A little who is rumored to be ace and a man who says he isn’t a daddy are drawn together by powers greater than the roles of the kink club where they meet. How in all the worlds can they make it work?

Kendry: I’m tired of the daddies who leer, who only want hookups, who don’t see the real me. I still want the social life of the kink club, but I decide to stop dating for a while. I enjoy dressing as a little and going to the club’s book corner to read. I can still have my juice and snacks and see other littles.

Then he walks in. I’ve never seen him before in the daddy/little playroom. He’s too big, too much leather, too much muscle. He comes straight to my corner and wiggles himself into a short, kid-sized chair right next to me. Staring straight ahead, hands folded over his chest, he looks so lonely. I start to read to him.

Zale: In all my years coming to the club, I’ve never bothered with the littles room. First of all, I’m not a daddy. Second, the bottles, the diapers, the pacifiers—all fine and good, just not for me. But I’m tired and need a break. My usual kinks aren’t doing anything for me. I don’t want hookups these days. I’m ready to settle down. I want someone just for me.

Review By Ulysses Dietz
Member of the Paranormal Romance Guild Review Team

This is a new one on me. The daddy side of this story’s equation was no surprise, but somehow I’d never encountered the “little” identity in a book before. Kendry may be in his twenties, but he lives his life as a little—specifically identifying as a six-year-old. For all the fact that he lives alone, has a job and drives a car, he surrounds himself with things that make him happy, harking back to that six-year-old’s moment of happiness in his own life. His clothing, his eating habits, his choice of reading, and even the furnishing of his apartment are all chosen to evoke his little identity.
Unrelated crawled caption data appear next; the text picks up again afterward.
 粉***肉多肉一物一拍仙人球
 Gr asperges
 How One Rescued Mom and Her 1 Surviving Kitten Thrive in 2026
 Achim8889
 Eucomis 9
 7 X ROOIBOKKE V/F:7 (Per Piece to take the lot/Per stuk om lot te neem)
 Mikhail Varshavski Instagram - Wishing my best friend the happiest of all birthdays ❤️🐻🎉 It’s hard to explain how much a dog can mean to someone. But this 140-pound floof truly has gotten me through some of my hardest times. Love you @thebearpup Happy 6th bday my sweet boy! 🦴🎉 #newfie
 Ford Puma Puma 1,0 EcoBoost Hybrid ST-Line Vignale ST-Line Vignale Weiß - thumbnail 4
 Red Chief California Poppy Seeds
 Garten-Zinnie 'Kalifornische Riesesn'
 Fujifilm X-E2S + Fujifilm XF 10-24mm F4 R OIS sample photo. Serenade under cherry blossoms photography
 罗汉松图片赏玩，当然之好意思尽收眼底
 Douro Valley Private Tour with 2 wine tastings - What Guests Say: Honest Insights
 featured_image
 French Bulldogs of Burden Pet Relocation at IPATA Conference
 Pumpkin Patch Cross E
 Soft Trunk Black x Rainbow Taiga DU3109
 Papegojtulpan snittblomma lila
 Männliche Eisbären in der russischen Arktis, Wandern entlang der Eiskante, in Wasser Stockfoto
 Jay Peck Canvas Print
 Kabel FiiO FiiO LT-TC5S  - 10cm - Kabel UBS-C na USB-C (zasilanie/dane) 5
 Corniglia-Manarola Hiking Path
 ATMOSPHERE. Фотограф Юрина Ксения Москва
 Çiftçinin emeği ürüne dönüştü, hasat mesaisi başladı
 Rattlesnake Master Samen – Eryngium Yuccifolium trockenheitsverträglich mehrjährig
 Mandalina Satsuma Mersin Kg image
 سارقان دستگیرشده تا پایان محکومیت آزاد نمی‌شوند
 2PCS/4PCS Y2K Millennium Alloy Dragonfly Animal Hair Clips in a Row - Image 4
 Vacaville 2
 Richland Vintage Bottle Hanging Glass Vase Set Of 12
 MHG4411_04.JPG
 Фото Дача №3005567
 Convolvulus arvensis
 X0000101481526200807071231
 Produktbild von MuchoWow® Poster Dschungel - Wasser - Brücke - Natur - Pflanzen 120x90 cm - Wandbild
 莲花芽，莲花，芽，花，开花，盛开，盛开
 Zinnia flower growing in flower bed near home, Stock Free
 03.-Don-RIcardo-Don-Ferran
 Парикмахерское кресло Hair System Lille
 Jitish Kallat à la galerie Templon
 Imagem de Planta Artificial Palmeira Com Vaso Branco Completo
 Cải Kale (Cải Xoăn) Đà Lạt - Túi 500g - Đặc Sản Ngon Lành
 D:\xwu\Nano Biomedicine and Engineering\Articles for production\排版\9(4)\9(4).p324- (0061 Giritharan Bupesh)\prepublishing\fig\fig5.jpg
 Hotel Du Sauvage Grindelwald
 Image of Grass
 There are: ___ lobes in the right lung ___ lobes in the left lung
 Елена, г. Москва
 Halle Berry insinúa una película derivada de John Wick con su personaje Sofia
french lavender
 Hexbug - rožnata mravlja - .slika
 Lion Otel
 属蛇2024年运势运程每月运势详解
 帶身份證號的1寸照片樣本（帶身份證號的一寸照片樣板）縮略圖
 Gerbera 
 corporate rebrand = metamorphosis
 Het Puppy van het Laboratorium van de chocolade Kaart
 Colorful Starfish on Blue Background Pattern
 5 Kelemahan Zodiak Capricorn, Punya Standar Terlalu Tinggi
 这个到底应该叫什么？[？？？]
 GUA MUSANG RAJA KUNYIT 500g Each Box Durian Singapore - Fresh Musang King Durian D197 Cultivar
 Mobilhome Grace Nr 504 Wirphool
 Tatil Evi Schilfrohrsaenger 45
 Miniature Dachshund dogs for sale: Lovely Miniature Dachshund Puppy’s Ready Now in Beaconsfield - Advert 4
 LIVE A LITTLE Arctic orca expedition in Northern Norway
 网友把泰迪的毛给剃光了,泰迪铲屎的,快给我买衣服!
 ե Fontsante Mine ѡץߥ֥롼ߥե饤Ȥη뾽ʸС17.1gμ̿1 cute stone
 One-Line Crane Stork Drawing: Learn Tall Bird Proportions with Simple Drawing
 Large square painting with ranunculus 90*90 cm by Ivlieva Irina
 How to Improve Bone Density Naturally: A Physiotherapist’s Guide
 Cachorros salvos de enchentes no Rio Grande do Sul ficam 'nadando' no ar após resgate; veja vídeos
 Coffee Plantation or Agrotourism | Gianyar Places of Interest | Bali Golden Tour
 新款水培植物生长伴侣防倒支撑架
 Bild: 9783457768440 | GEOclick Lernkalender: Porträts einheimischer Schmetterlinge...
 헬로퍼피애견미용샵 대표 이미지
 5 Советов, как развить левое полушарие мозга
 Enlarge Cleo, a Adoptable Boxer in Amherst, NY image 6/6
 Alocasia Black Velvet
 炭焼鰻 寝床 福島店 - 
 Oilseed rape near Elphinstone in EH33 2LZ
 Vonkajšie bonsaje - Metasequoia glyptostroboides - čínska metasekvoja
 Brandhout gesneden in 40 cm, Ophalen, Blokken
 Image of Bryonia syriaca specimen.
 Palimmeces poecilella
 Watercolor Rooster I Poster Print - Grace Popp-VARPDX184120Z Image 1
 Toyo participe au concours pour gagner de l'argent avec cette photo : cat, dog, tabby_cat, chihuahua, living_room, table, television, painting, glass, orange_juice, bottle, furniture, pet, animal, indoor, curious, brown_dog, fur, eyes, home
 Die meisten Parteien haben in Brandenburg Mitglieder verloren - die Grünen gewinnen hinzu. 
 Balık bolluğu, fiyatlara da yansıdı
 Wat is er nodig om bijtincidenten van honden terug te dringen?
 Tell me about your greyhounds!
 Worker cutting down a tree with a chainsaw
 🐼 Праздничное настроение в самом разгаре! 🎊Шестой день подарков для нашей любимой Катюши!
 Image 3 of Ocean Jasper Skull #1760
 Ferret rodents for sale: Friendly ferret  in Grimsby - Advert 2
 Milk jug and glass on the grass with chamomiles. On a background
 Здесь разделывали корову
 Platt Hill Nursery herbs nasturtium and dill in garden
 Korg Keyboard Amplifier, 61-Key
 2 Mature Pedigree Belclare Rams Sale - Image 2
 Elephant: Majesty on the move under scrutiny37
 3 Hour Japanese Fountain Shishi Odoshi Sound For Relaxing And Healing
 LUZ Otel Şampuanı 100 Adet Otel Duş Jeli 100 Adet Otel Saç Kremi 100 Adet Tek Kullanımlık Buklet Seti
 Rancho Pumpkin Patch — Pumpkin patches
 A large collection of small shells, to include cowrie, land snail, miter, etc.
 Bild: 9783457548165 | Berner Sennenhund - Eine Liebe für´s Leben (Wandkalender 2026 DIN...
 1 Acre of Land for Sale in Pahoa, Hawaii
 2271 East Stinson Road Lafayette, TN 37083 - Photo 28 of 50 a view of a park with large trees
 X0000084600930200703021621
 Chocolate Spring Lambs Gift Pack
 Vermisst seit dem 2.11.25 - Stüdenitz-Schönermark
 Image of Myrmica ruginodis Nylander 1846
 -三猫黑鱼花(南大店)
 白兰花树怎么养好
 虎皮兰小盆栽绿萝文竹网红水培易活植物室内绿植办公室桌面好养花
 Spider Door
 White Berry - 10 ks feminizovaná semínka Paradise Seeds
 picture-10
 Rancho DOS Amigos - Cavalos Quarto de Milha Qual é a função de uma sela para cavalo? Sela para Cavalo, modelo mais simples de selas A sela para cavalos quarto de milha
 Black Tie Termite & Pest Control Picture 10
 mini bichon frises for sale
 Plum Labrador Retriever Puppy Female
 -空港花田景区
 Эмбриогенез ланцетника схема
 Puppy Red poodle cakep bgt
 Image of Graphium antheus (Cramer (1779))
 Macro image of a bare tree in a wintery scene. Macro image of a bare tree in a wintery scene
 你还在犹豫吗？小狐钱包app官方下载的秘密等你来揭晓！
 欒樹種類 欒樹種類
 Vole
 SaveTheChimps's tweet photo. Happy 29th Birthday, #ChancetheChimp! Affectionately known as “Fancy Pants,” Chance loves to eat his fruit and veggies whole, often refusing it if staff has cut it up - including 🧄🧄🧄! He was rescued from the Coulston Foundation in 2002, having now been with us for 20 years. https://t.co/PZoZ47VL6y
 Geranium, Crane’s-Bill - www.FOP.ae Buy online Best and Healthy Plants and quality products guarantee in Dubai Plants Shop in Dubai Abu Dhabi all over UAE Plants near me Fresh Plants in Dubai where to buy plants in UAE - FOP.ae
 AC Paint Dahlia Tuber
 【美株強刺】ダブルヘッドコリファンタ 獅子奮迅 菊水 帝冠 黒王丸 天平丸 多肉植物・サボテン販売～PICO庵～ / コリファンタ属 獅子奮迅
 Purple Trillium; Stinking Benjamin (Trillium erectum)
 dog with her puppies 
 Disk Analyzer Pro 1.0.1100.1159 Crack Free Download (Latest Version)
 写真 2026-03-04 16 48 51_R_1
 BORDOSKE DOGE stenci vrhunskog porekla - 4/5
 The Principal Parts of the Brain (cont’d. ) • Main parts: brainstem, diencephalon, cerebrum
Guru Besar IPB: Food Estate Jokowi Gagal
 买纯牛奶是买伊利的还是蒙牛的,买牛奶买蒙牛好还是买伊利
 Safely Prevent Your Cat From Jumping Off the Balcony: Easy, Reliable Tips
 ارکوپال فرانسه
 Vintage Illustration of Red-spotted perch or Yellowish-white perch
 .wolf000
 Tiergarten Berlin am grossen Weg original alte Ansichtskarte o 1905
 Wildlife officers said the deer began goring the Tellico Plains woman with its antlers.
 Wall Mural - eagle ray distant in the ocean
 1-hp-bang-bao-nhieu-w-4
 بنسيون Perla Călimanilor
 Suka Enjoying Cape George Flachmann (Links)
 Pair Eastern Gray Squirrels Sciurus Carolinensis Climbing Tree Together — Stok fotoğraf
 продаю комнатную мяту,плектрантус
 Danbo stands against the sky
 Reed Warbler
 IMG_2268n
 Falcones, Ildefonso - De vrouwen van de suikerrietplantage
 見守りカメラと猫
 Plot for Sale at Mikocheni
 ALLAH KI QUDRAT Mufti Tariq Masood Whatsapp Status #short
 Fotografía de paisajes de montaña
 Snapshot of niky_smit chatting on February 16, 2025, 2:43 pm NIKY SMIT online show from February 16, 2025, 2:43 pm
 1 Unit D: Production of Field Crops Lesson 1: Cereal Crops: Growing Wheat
Zale is a thirty-something construction worker turned manager, who is as tall and hairy and muscular as Kendry is petit and delicate and pretty. Up to this point in his life, Zale has been open to almost anything (once or twice), and his physical presence has steered him to the world of leather and to other daddies like himself.

This is, of course, until that moment when he spies Kendry, dressed in short shorts and a tight t-shirt, reading children’s books in the corner of the room at the Red Door Club set aside for littles. It seems that, like me, Zale has never encountered a little before.

Wendy Rathbone makes it very clear that not only is Kendry an adult, but is sexually an adult as well. He knows who he is and what he wants. His kink is a boy-daddy fantasy that does not involve any of the standard s/m notions. Kendry’s problem is that in the world dom/daddy-sub/boy scenes, he doesn’t really fit.

Zale has no such preconceptions, since he’s never been drawn to a little and is at first entirely unsure what Kendry is up to and what he might want.

This oddly adorable little book is the story of these two men’s courtship, as unlikely as it might seem. Rathbone takes us inside her protagonists’ heads and hearts, so that we understand what each of them is yearning for and what he is drawn to about the other.

Ultimately, it is a romance about two slightly-lost-at-sea men finding each other when they least expect it. If love can bloom when two people really see each other, this is how it happens.